The trivial case (that suggested me this question) is $f_1(X)=\cdots=f_n(X)=X$ when we get the regular sequence $X_1,\dots,X_n$. 
 A: The answer is yes if $f_i(X_i)\in\mathbb Z[X_i]$ is non-zero and primitive (gcd of the coefficients is $1$) for all $i$.  

Lemma. Let $R$ be a commutative ring. Let $f(X)\in R[X]$ be a regular element
  such that $R[X]/(f(X))$ is flat over $R$ (e.g. if $f(X)$ is monic, but this is not a necessary condition). Then for any flat $R$-algebra $A$, $f(X)$ (viewed in $A[X]$) is a regular element of $A[X]$ and $A[X]/(f(X))$ is flat over $R$.  

Proof: The first part comes from the flatness of $A[X]$ over $R[X]$. The second part comes from the fact $A[X]/(f(X))=A\otimes_R R[X]/(f(X))$ is flat over $R[X]/(f(X))$. 
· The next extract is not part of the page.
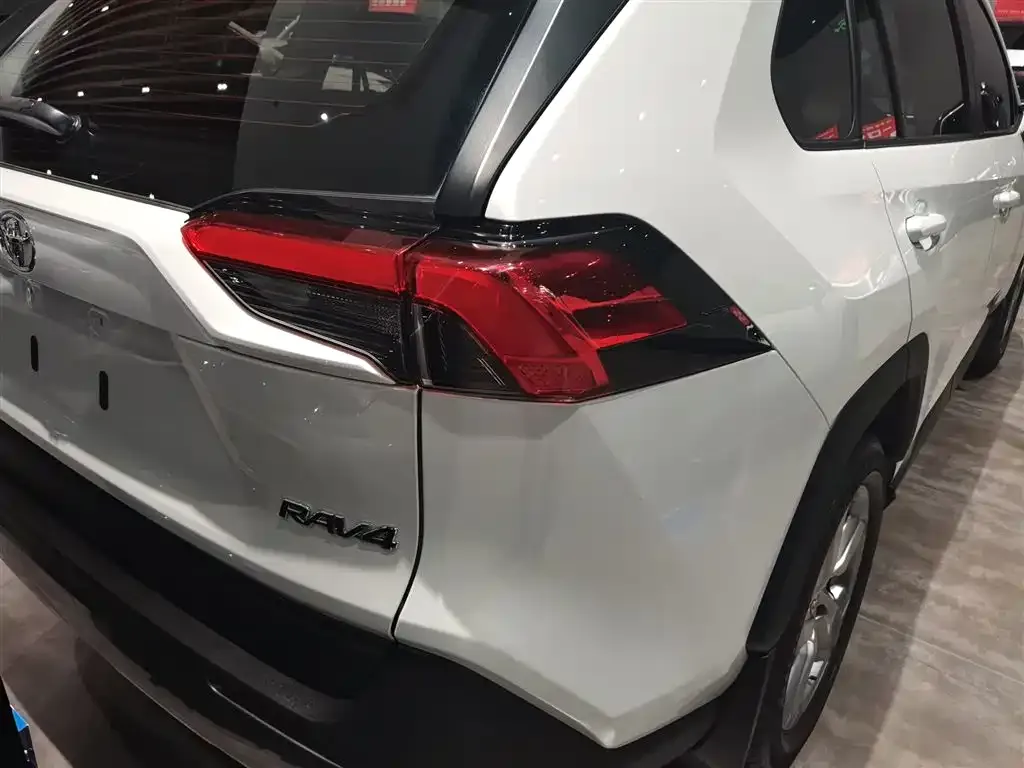 Toyota RAV4 2021 из CN, фото 5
Corollary. Let $f_i(X)\in R[X]$, $i=1, \dots, n$, satisfy the conditions of the above lemma. Then $f_1(X_1), \dots, f_n(X_n)$ is a regular sequence in $R[X_1, \dots, X_n]$. 

Proof: Let $A_n:=R[X_1,\dots, X_n]/(f_1(X_1), \dots, f_n(X_n))$ is flat over $R$. If $n\ge 2$, we have $A_n=A_{n-1}[X_n]/(f_n(X_n))$. The above lemma implies (by induction on $n$) that $A_{n-1}$ is flat over $R$ and $f_n(X_n)$ is a regular element in $A_n$. 
Now in the case $R=\mathbb Z$, $f_i(X)\ne 0$ is equivalent to $f_i(X)$ regular, and $f_i(X)$ primitive is equivalent to $\mathbb Z[X]/(f(X))$ torsion-free (equivalently, flat) over $\mathbb Z$.
Remark. Clearly one can not remove the condition being primitive (consider $2X$ and $2$). But if we suppose all $f_i(X)$ are irreducible, and no prime number occurs twice in the sequence, then I think we still have a regular sequence (I didn't check the details). 
Remark'.  As for the flatness of $R[X]/(f(X))$ over an arbitrary $R$, if $f(X)$ is primitive (in the sense that its coefficients generate the unit ideal of $R$), then $R[X]/(f(X))$ is flat over $R$. Conversely, if $\mathrm{Spec}(R)$ is connected, then the flatness implies $f=0$ or $f$ is primitive.